E Conte si è difeso dicendo che “il Governo agì un una situazione di emergenza” attuando provvedimenti che “sono stati un esempio a livello internazionale” e che anno “salvato centinaia di miglia di vite”. Conte ha poi detto di “non sentirsi un eroe” e ha rivendicato la legittimità dei Cdpm” e che la Commissione “come un plotone di esecuzione contro di me” può tranquillamente scavare a fondo ma “non troverà comportamenti illeciti” e che la proroga non fu “una dittatura” ma anzi con quel provvedimento du “garantito lo Stato democratico”. Anzi Conte ha accusato Fratelli d’Italia, oggi in maggioranza, di aver speculato sulla vicenda senza collaborare, all’epoca, a risolvere la situazione all’epoca del Covid.

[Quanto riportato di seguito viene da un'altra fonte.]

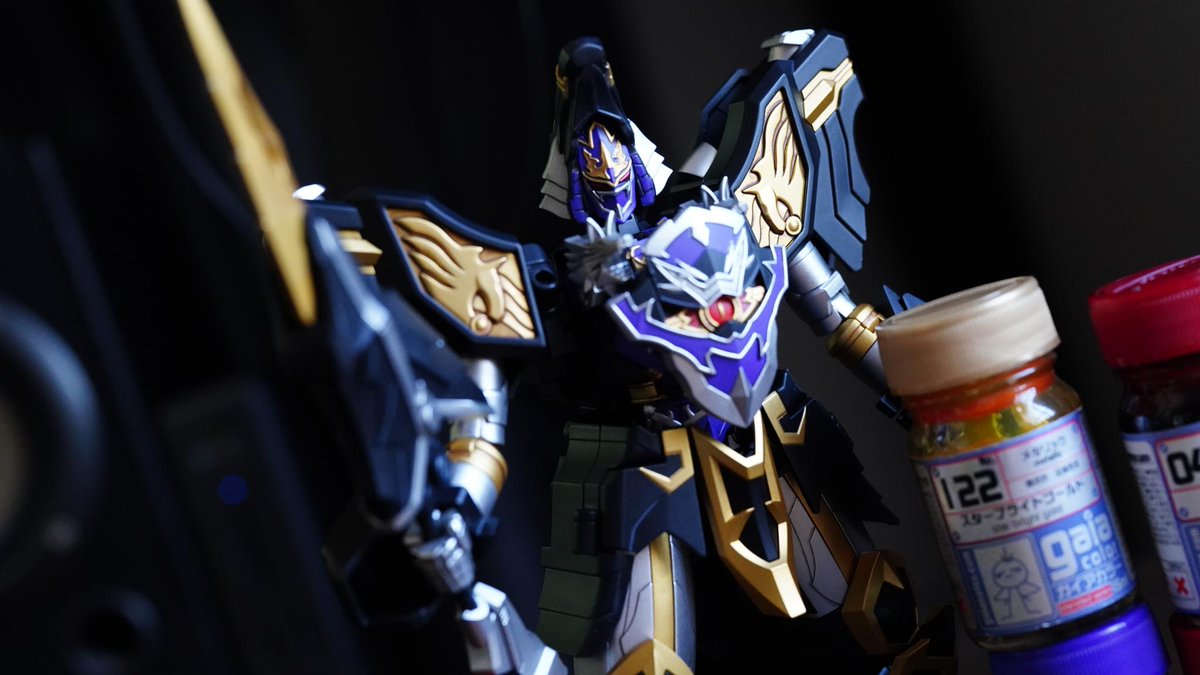 tomoshoo tweet media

Fra i punti sotto la lente della Commissione c’erano anche gli acquisti fatti dal Governo (in particolare delle mascherine e dispositivi sanitari) durante la pandemia. E proprio su questo aspetto c’è stato un colpo di scena con Conte ha fatto mettere agli atti una lettera anonima ricevuta nei giorni scorsi.